Edward Acres, managing director at Nottingham-based architectural practice, Acres Architects, issued a warning about the future of UK city centres last week as he addressed an audience at The Housing and Build to Rent Conference.
He called on councils, investors and developers to work together to recognise that the anthropology of our town and city centres have changed, suggesting city centre spaces could become disused without such collaboration. He said: “The death of the city centre is a very real possibility unless developers and investors recognise the inevitable shift towards spaces of cultural understanding and enjoyment”.
While speaking at the online conference attended by senior professionals and key decision makers in the housing, private rental and Build to Rent sectors, Acres added: “From analysis of the markets, it is clear that we are about to experience an economic boom, akin to that seen in the roaring twenties. There seems to be much emphasis on shops closing down, and a real worry about what lies ahead for our town and city centre spaces, but I feel that we will make a move towards Roman culture, where business will be done on the streets. City centres should become destinations for coffee, culture, museums and enjoyment.”

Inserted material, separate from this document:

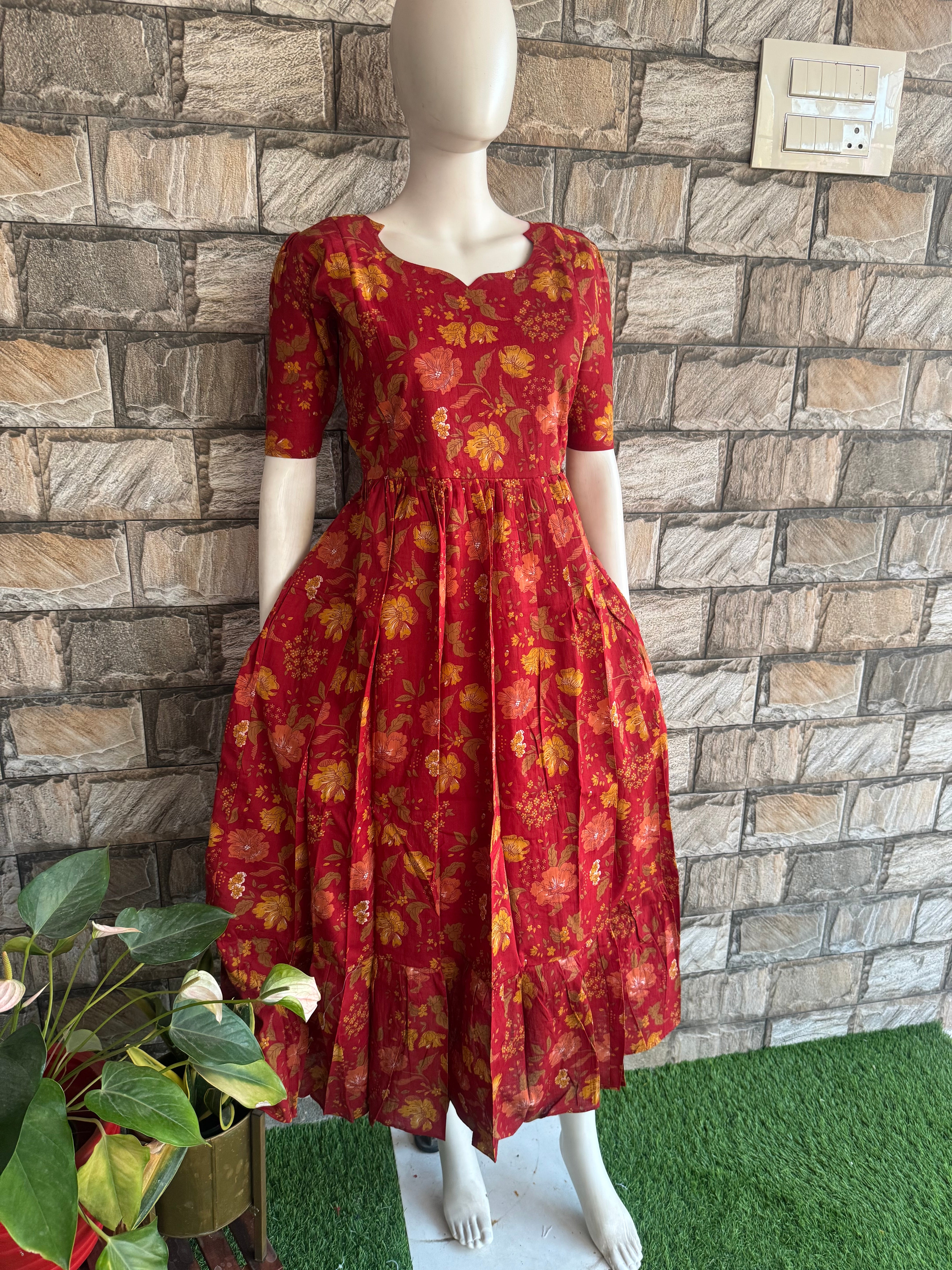 Pale Maroon mul soft cotton Maternity Maxi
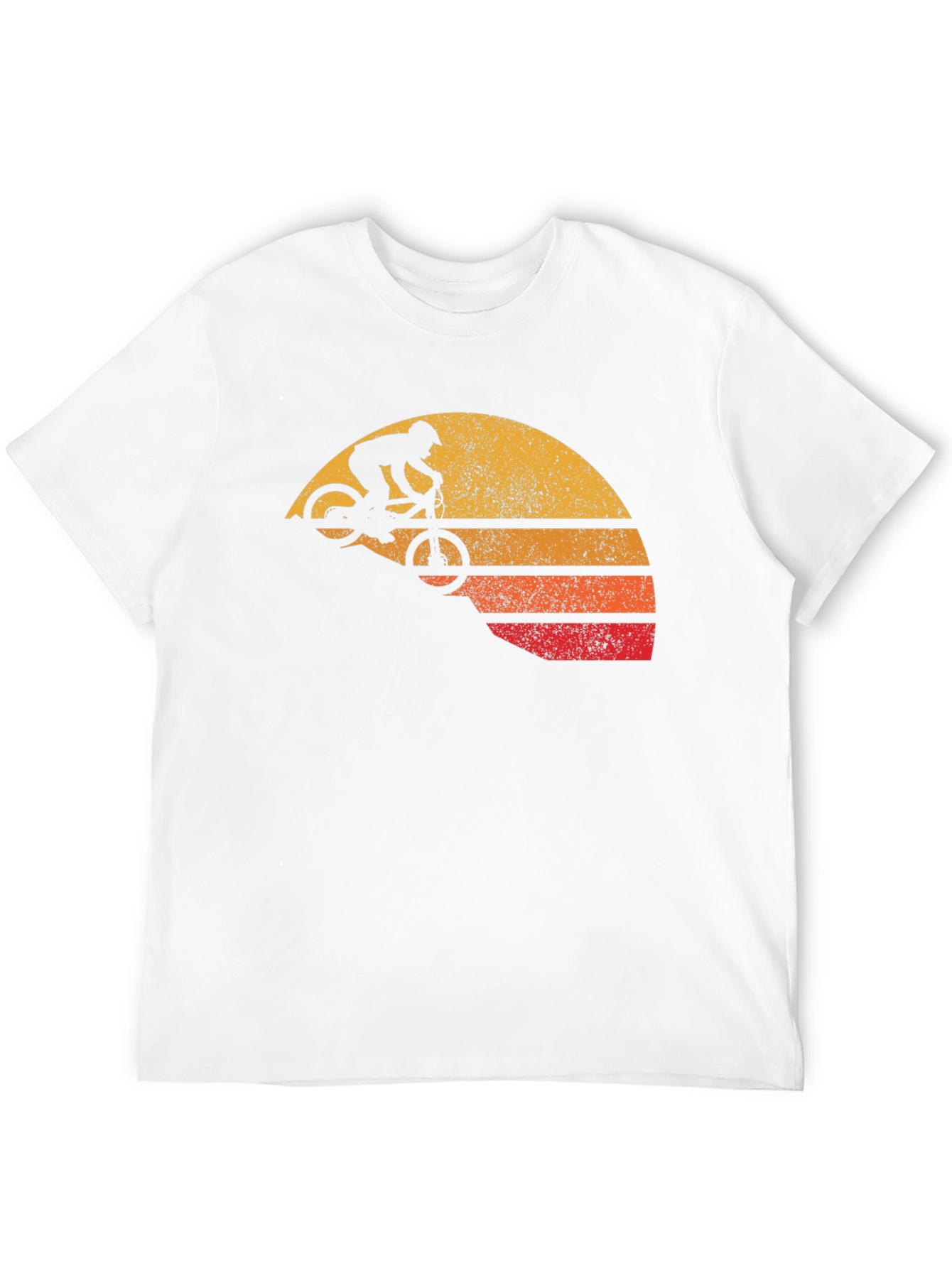 Retro Mountain Bike Sunset Graphic T-Shirt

He added: “Many years ago, twenty-somethings would buy apartments in the city, close to the nightlife, and the suburbs were seen as desirable for rearing your children, settling down and moving on to that next stage of your life. There has been a shift in recent years and Build to Rent trends are seeing more and more developers making use of disused buildings and remodelling them into much needed housing.”
Acres’ comments come following a recent announcement by retail giant John Lewis that it is to move into the residential property market, and has set its sights on building 10,000 homes for rental in the coming years.
The department store chain revealed plans to use sites in its existing property portfolio to deliver 7,000 of that initial total in a bid to address the national housing shortage whilst supporting local communities.